Çok üzücü bir durum. Bizde İngilizce öğrenemiyoruz veya öğretemiyoruz algısı çok yaygın, malumunuz. Ne var ki bu algı üzerine biraz düşünmemiz ve sürece bütüncül bakmamız gerekiyor. İsterseniz önce sizin de değindiğiniz İngilizce Yeterlilik Endeksi’nin ne olduğunu, verilerin nasıl toplandığını, ne tür bir değerlendirme yolunun tercih edildiğini konuşalım.
Çok sevinirim.
İngilizce Yeterlilik Endeksi, yetişkin İngilizce yeterliliklerinin analiz edildiği, ülke ve bölge bazında veriler sunan dünyanın en büyük ölçekli sıralamasıdır. Dolayısıyla her yıl yayımlanan bu endeks; yetişkinlerin İngilizce yeterliliğini tespit eden uluslararası bir ölçüttür. Okuma ve dinleme becerilerini ölçen Standart İngilizce Testi; katılımcılarının dil yeterliliklerini çok yüksekten çok düşüğe doğru bir uzamda derecelendiriyor. Eskiden Elementary, Pre-intermediate, Intermediate diye ifade ettiğimiz dil yeterlik seviyeleri artık Avrupa Birliği tarafından hazırlanan Diller için Avrupa Ortak Başvuru Metnindeki A1, A2, B1, B2, C1 ve C2 seviyeleri ışığında sınıflandırılıyor. A başlangıç seviyeleriyken C en üst seviyelere denk geliyor. Az önce de ifade ettiğiniz gibi, Türkiye’nin sıralaması hem küresel hem de bölgesel anlamda 2011 yılından beri ne yazık ki arzu edilen düzeyin çok uzağındadır.
Peki bu tabloyu nasıl yorumlarız? Biz neden İngilizce öğrenemiyoruz?
Bilgi kuramcılarının kullandığı çok güzel bir prensip var; Occam’ın Usturası. Bu ilkeye göre bir fenomeni açıklarken en doğru açıklama genelde en basit olanıdır.
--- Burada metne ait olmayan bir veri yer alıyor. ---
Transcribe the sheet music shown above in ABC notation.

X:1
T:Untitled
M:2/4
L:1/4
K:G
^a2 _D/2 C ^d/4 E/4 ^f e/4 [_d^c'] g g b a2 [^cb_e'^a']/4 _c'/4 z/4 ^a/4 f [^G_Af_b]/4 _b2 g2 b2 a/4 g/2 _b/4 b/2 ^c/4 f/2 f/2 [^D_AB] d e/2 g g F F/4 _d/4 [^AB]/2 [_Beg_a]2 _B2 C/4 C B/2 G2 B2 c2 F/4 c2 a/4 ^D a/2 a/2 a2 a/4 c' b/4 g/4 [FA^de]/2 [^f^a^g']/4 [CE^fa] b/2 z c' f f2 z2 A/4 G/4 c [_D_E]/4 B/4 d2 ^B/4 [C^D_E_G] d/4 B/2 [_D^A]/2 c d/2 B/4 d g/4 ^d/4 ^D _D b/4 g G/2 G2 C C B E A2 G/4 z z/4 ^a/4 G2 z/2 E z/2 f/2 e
Bu prensipten hareketle şöyle sormalıyım: Hangi dersi çok etkin bir biçimde öğretebiliyoruz? Fen Bilimleri, Matematik, okuduğunu anlama gibi temel alanlarda büyük işler yapıyoruz da bir tek yabancı dilde mi başarısızız? Diğer alanları ne kadar öğrenebiliyorsak İngilizceyi de o kadar öğreniyoruz. Sohbetimizin başında sürece bütüncül bakmalıyız, demiştim. Kast ettiğim tam olarak budur. Dolayısıyla bu sorunun doğru bir şekilde cevaplanabilmesi için öğrenim, öğretim, ölçme, öğretmen, yönetici, algı gibi kavramları çok detaylı bir şekilde ele almalıyız. Asıl bu boyutları tartışmamız gerekiyor.
Tartışalım, konuşalım hocam. Buyurun lütfen.
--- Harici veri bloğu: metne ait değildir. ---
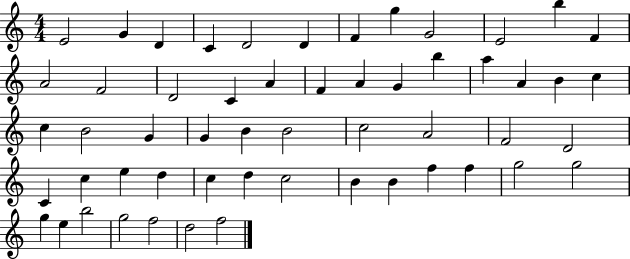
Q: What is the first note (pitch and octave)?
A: E4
Yabancı dil öğretiminde, tıpkı diğer alanlarda olduğu gibi başarılı değiliz veya en az diğer alanlar kadar başarılıyız. Öncelikle bunu kabul etmeliyiz. Ben tam da bu noktada size bir soru sormak isterim. Küreselleşen çağımızda yabancı dil öğretimini ne kadar önemsiyoruz?
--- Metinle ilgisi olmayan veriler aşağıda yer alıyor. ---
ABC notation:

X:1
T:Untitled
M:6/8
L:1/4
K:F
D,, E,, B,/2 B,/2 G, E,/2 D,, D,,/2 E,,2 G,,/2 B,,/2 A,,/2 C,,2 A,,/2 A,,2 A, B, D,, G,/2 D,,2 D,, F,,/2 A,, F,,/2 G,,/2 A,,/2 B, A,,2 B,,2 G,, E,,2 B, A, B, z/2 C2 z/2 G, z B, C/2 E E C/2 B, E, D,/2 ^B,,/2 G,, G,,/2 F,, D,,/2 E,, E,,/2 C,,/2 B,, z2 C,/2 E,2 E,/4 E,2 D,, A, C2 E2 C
Önemsiyoruz hocam. En önemli konulardan biri değil mi?
Dünya Ekonomi Sıralamasında 19’uncu olan ülkemizin, yabancı dil eğitimi gibi önemli bir konuyu daha öncelikli olarak ele alması gerekir ki, yetişmiş insan gücünün nitelikli olmasına katkıda bulunabilsin. Bu sıralamada daha geride olan bir ülkeden daha iyi bir dil öğretim politikamızın olması gerekiyor. Avrupa’da ise birçok ülkenin yabancı dil eğitim politikalarının ve stratejik planlamalarının net bir biçimde belirlendiğini görüyoruz. Bizdeki yabancı dil eğitimi ve öğretimi ile yönetmeliklerde; bireylerin yabancı dilde dinleme, okuma, konuşma ve yazma becerilerinin kazanmaları, öğrendiği yabancı dille iletişim kurmaları ve yabancı dil öğretimine karşı olumlu tutum geliştirmeleri hedefleri var. Ancak ben ülke olarak yabancı dil eğitimini; önceliklerimizin arasına koymamızı ve daha somut adımlar atmamız gerektiğine inanıyorum.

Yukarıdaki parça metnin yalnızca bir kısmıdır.